And Catholic in Catholic junior high school tells us what kind of junior high school it is. But is Catholic junior high school another compound noun?
The interesting and frustrating thing for me about word classes and labels is that there are no indisputably correct answers. A mammologist may be able to tell us whether mammal A is a sheep or a goat, and a lepidopterist may be able to tell us where insect B is a butterfly or a moth, and be reasonably certain that fellow mammologists/lepidopterists will agree. Some grammarians, however, spend half their professional lives arguing about labels. In my lifetime I have seen articles expelled from the adjective class, determiners (or determinatives) come into existence and, for some grammarians, many adverbs become prepositions. I shall doubtless live to see a few more changes.

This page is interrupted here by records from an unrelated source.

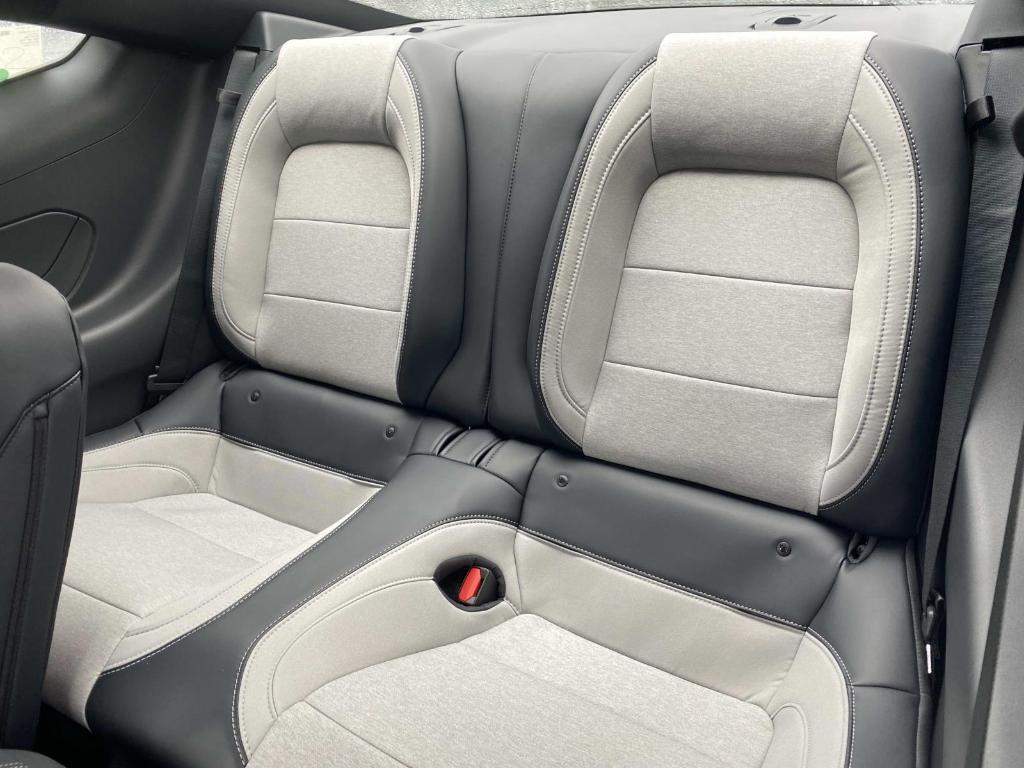 new 2025 Ford Mustang car, priced at $31,170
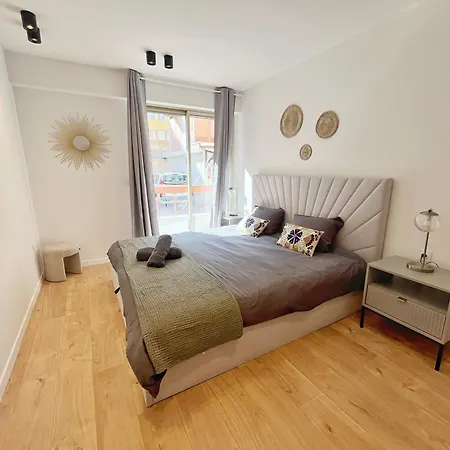 Apartman Ref 127 - 3 Pieces 2 Port Nizza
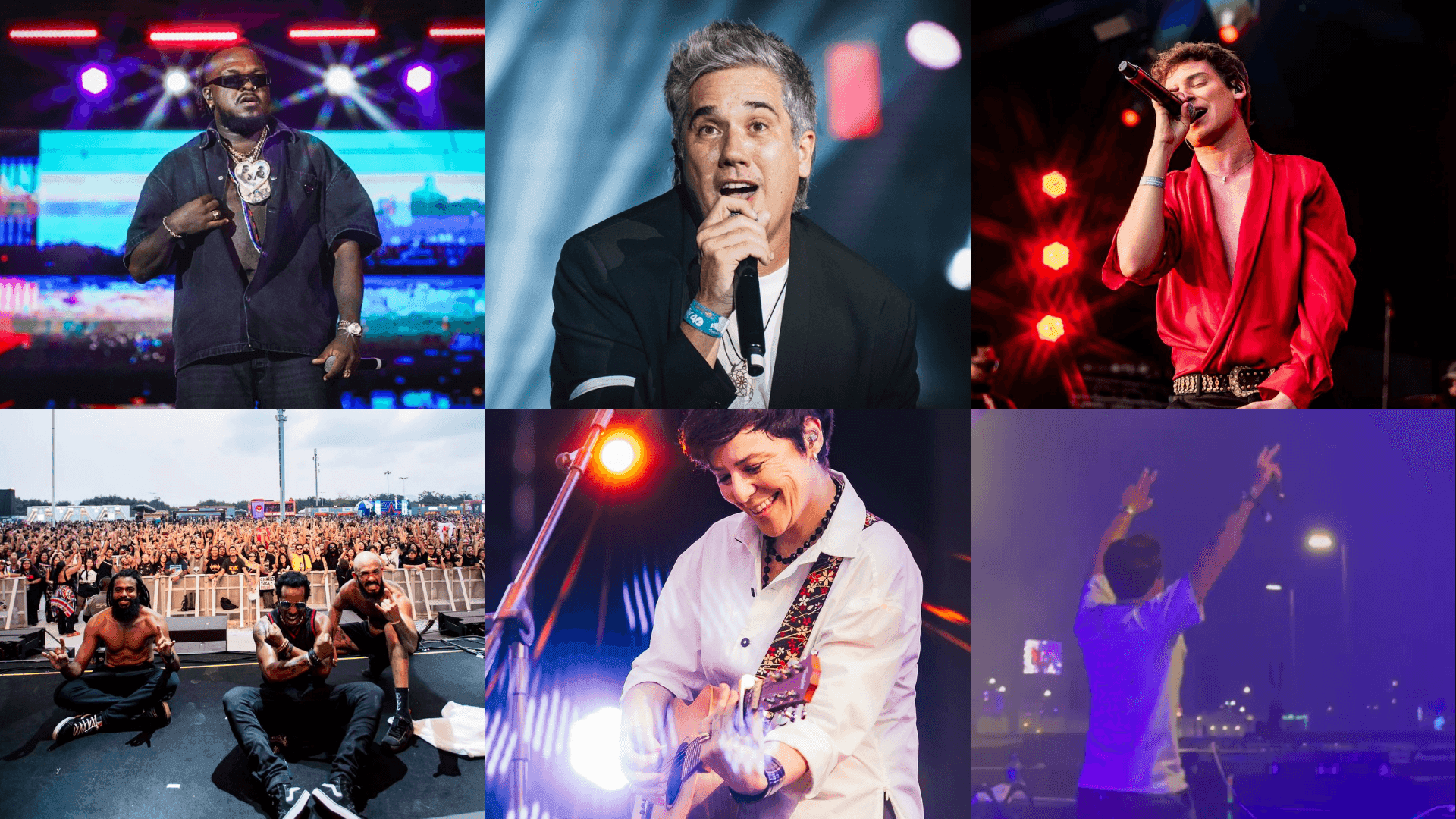 Artistas mineiros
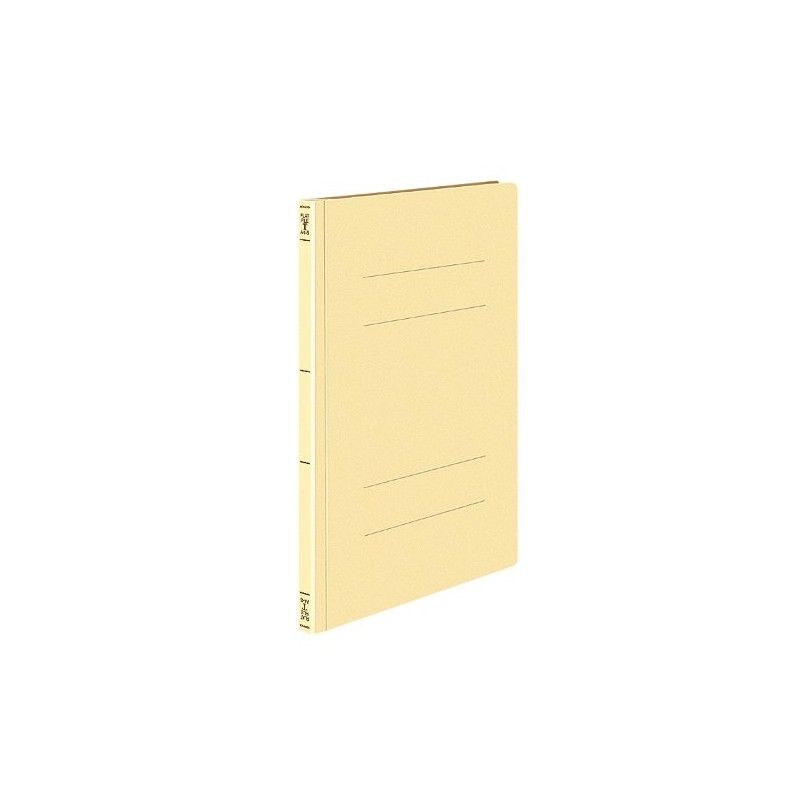 Kokuyo flat file Paper Cover Resin Binding Hardware 2 Hole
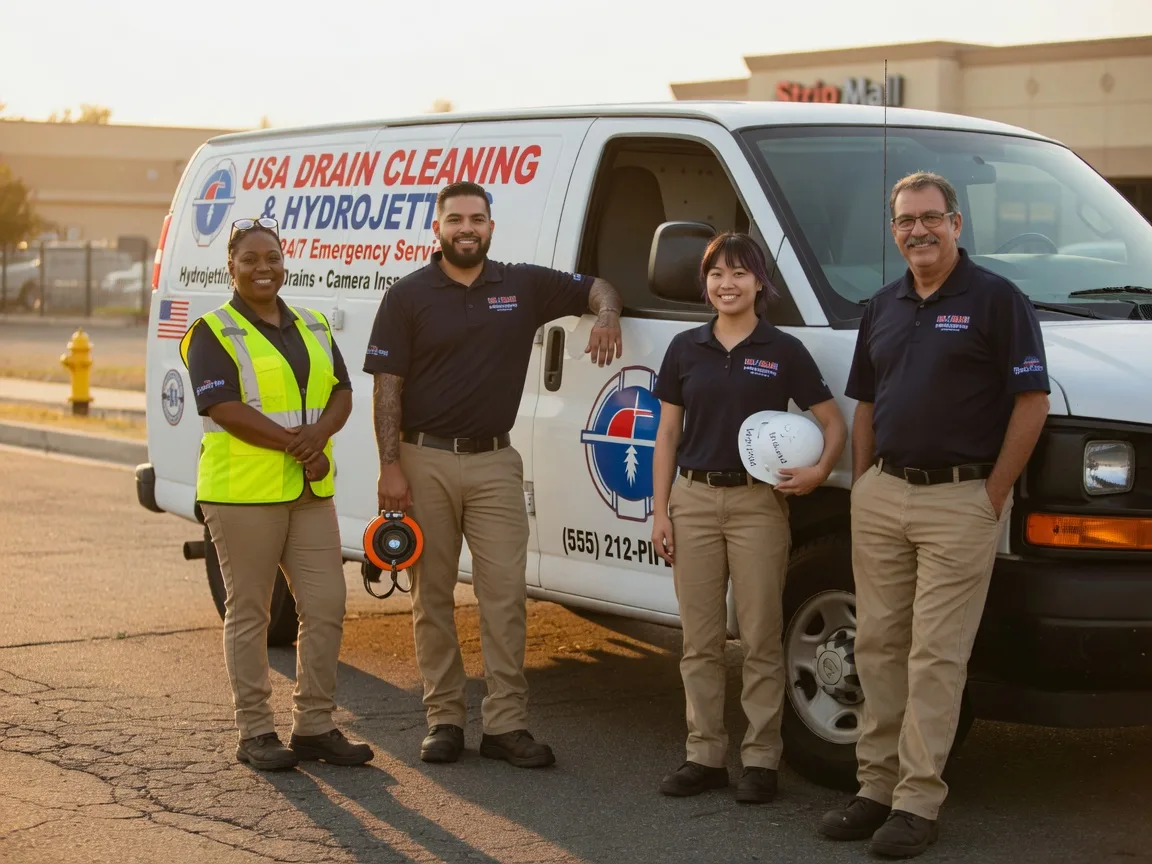 Drain Cleaning company in Powhatan, LA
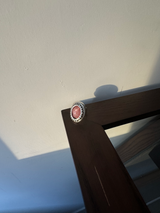 Resin Oval Ring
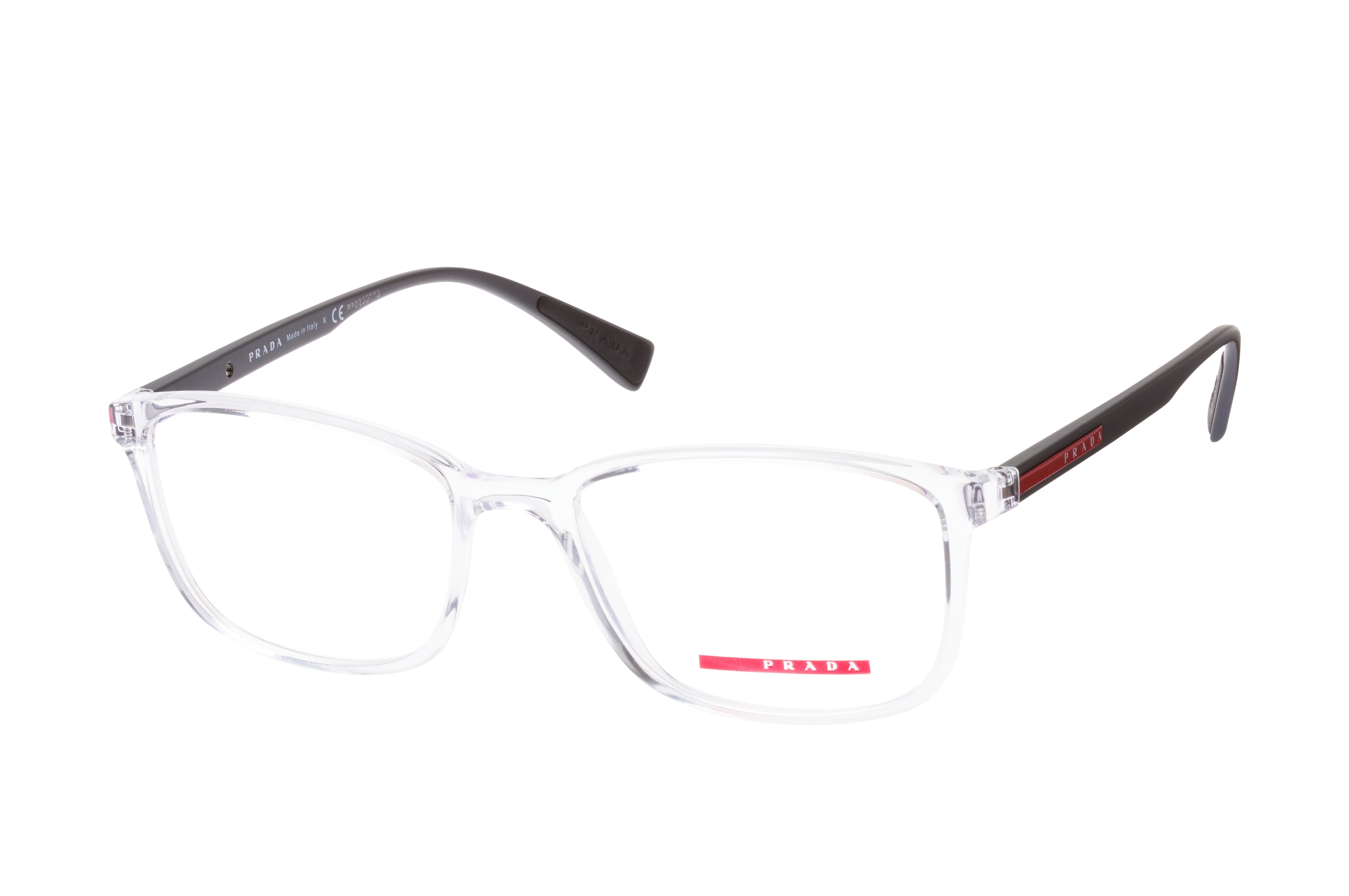 Monture lunette prada fashion homme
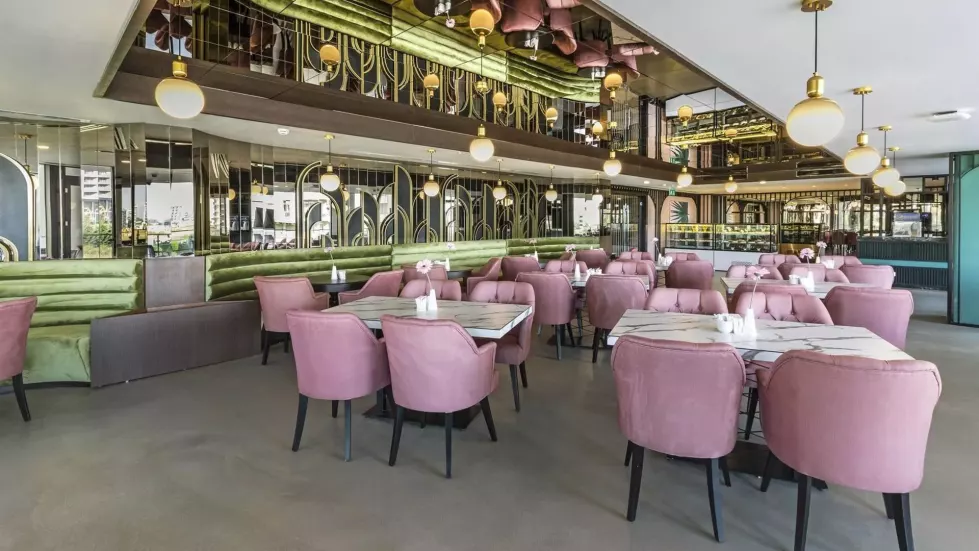 Viešbutis „GREENWOOD SUITES RESORT (EX. SHERWOOD SUITES RESORT)“ (Antalija, Turkija)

My personal view (and that's all it can be) is that such expressions as
high school, grammar school, primary school, etc, are compound nouns. The first word of each pair may well have begun life as an adjective (like the 'black' in 'blackboard) but has become over time part of a single compound noun, despite the fact that that noun is written as two separate words. I feel that, in British English at least,
state school, public school, and even
private school are also compound nouns.
I feel the same about
junior high school.
I am, at the moment, not sure how I feel about
Catholic junior high school or
single-sex grammar school. The words in bold seem to me to be more like noun modifiers than parts of compound nouns, but I can't think of a convincing justification for this.